Su actividad deportiva comenzó con un encanto especial por el fútbol; pero este solo sirvió para darse cuenta de que los movimientos y pasos de la marcha era su gran pasión. A la oriunda de Cuenca de 25 años la sedujo la marcha desde que empezó a ver competencias por televisión junto a su padre. Y como el progenitor, acabó rendida al poderío físico y mental exhibido por una leyenda nacional con la que comparte apellido.

“La caminata es una carrera muy técnica en su movimiento y muy bonita. De chica miraba mucho a Jefferson Pérez, y puede decirse que empecé a competir por él”, reveló sobre la influencia del campeón olímpico en su carrera deportiva. Pero no fue fácil. Durante su carrera como marchista, Pérez ha sido descalificada varias veces, debido a la falta de técnica en el deporte por su estatura (1,45m).

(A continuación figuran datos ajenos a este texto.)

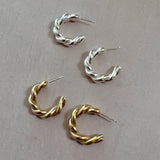 Sorella Hoops | Silver
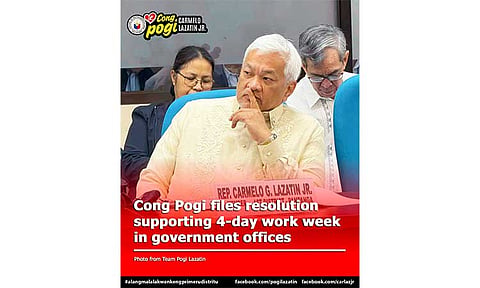 Lawmaker backs 4-day work week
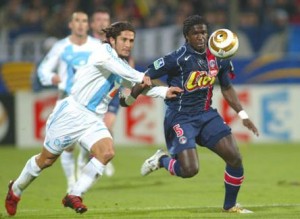 Bernard Mendy, buteur décisif face à Lizarazu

El desánimo fue tal que pensó en retirarse de las pistas en 2011. Sin embargo, supo reponerse ante las adversidades y ha ha tenido que trabajar muy duro para compensar su corta zancada con una buena técnica. En 2015 tuvo un giro inesperado en su vida: abandonó sus estudios universitarios para dedicarse de lleno al deporte, tras su clasificación a las segundas Olimpiadas en 2015.

Esta será la tercera experiencia olímpica para Pérez, quien ocupó el lugar 51 en los Juegos Londres 2012 y 24 en Río de Janeiro 2016. “Esta tercera clasificación ha sido la más dura por todo lo que está viviendo la humanidad, debido a la pandemia de la COVID-19 y por la muerte reciente de mi primer entrenador por más de 20 años, Luis Chocho”, señaló Pérez antes de emprender su viaje al país asiático.

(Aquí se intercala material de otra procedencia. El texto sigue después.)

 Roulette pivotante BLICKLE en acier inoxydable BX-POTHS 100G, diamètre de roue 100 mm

Pérez, de 31 años, se ubicó en el segundo puesto de los 20 kilómetros disputados en la localidad ecuatoriana de Macas, con 1 hora, 30 minutos y 1 segundo; mientras la marca mínima para clasificarse es de 1 hora y 31 minutos. La tricolor se entrenó en Guayaquil antes de viajar a Tokio para acoplarse al clima de Sapporo, ciudad donde tendrá la prueba atlética.

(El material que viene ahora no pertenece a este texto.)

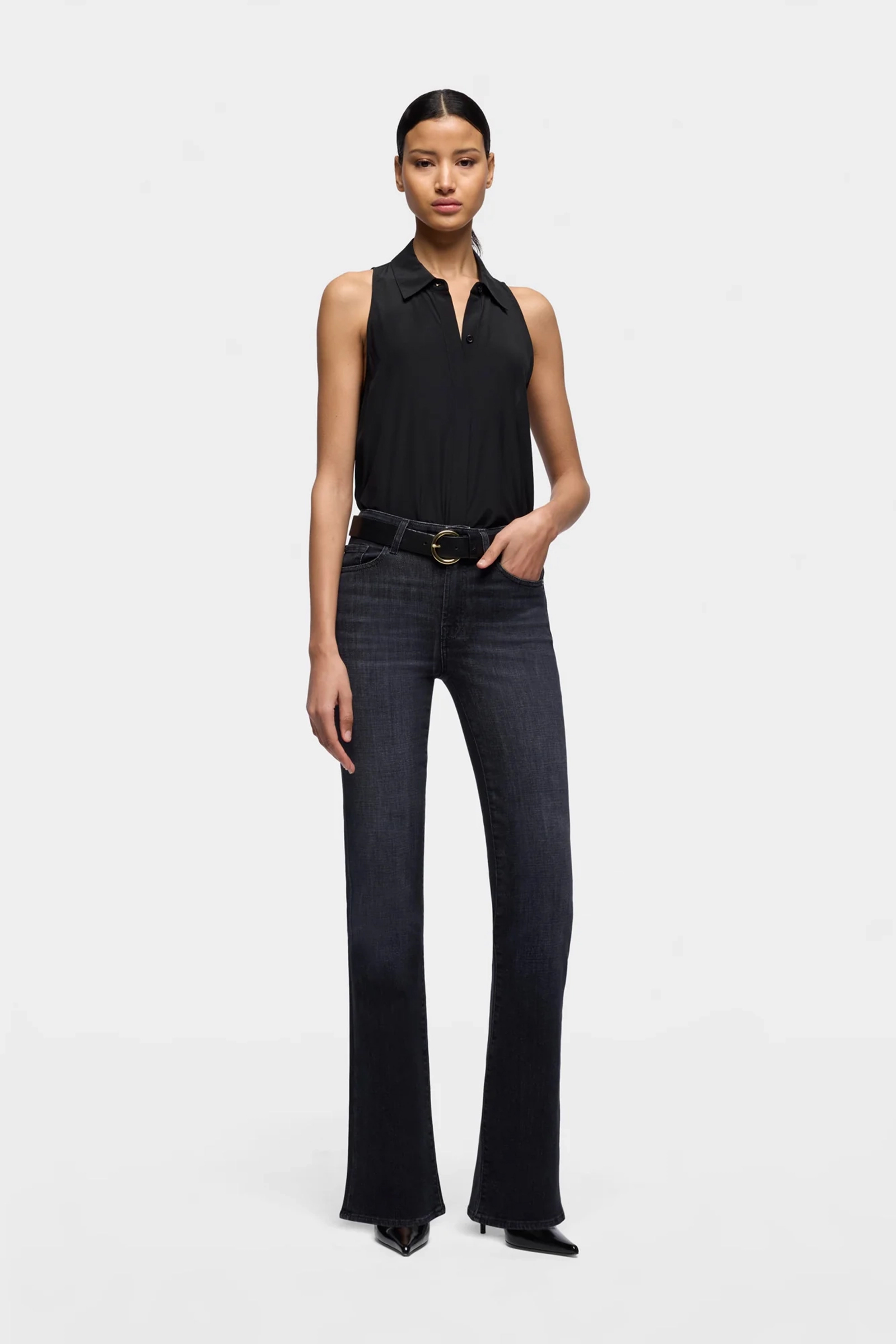 Dames jeans grijs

Pero no solo eso. Pérez entrenó con una gorra con hielos en la cabeza, en el cuello y en las manos para que el calor no afecte.  La marchista, que competirá el próximo viernes 6 de agosto (02:30 de Ecuador) en los 20 kilómetros marcha, también aseguró que esta clasificación fue la que más le costó. Los motivos los resume en el “nivel de competencia” de sus rivales locales y la pandemia del Covid-19, que afectó al mundo entero.